=== Section Start ===

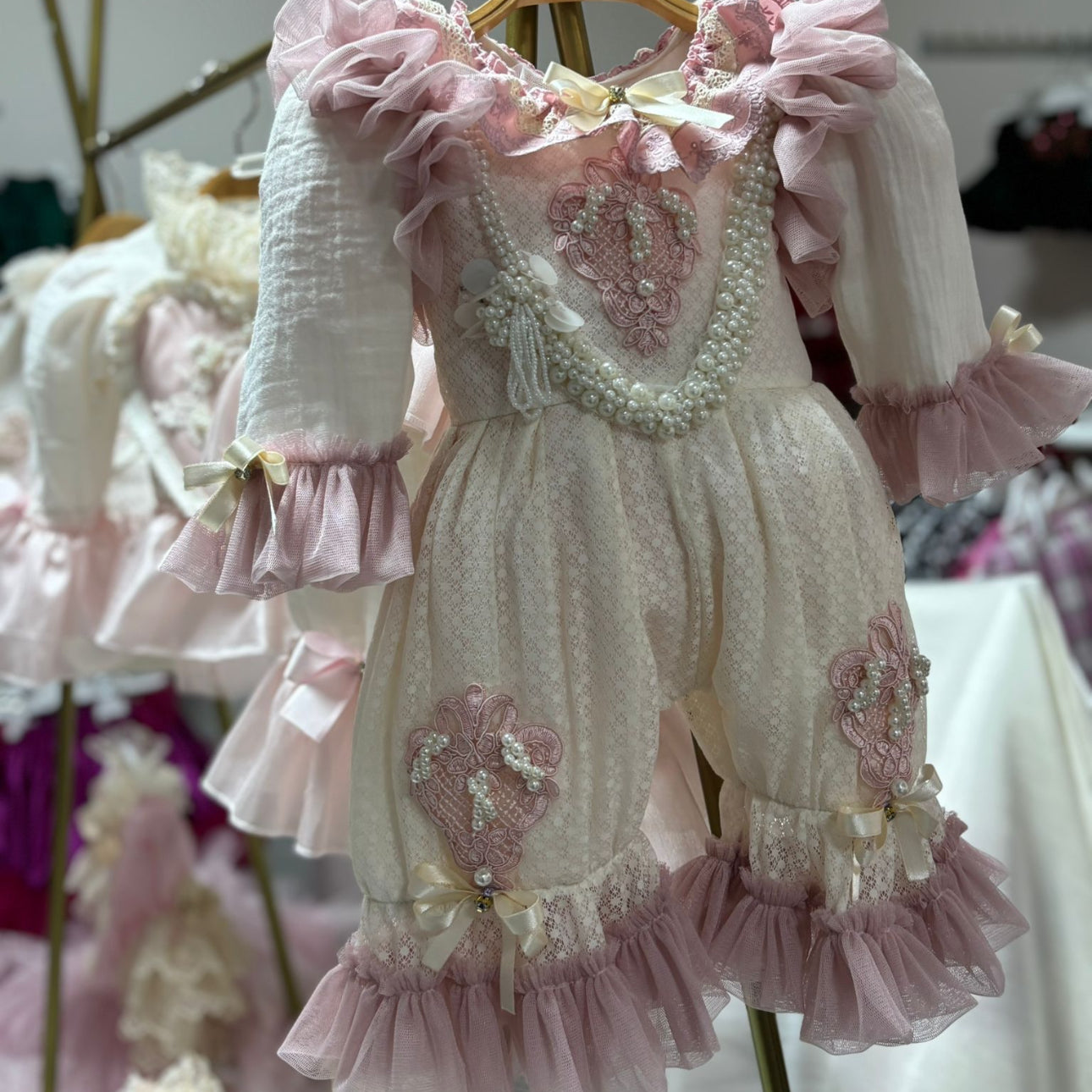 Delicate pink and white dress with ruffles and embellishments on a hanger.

=== Section End ===
=== Section Start ===

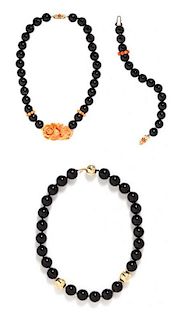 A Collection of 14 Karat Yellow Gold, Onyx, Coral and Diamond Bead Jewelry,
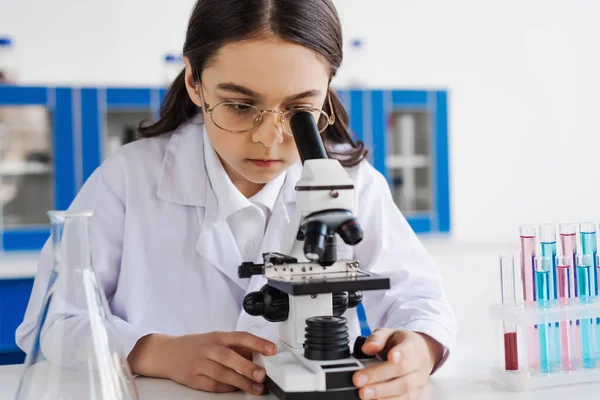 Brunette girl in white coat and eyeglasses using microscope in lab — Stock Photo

=== Section End ===

▶ [ACTION ITEM]: What is needed is an exact copy of only the lines above from the one with "A Collection of" to the one with "Brunette girl in", both kept, with every picture left out.

▶ [RESPONSE]:
 A Collection of 14 Karat Yellow Gold, Onyx, Coral and Diamond Bead Jewelry,
 Brunette girl in white coat and eyeglasses using microscope in lab — Stock Photo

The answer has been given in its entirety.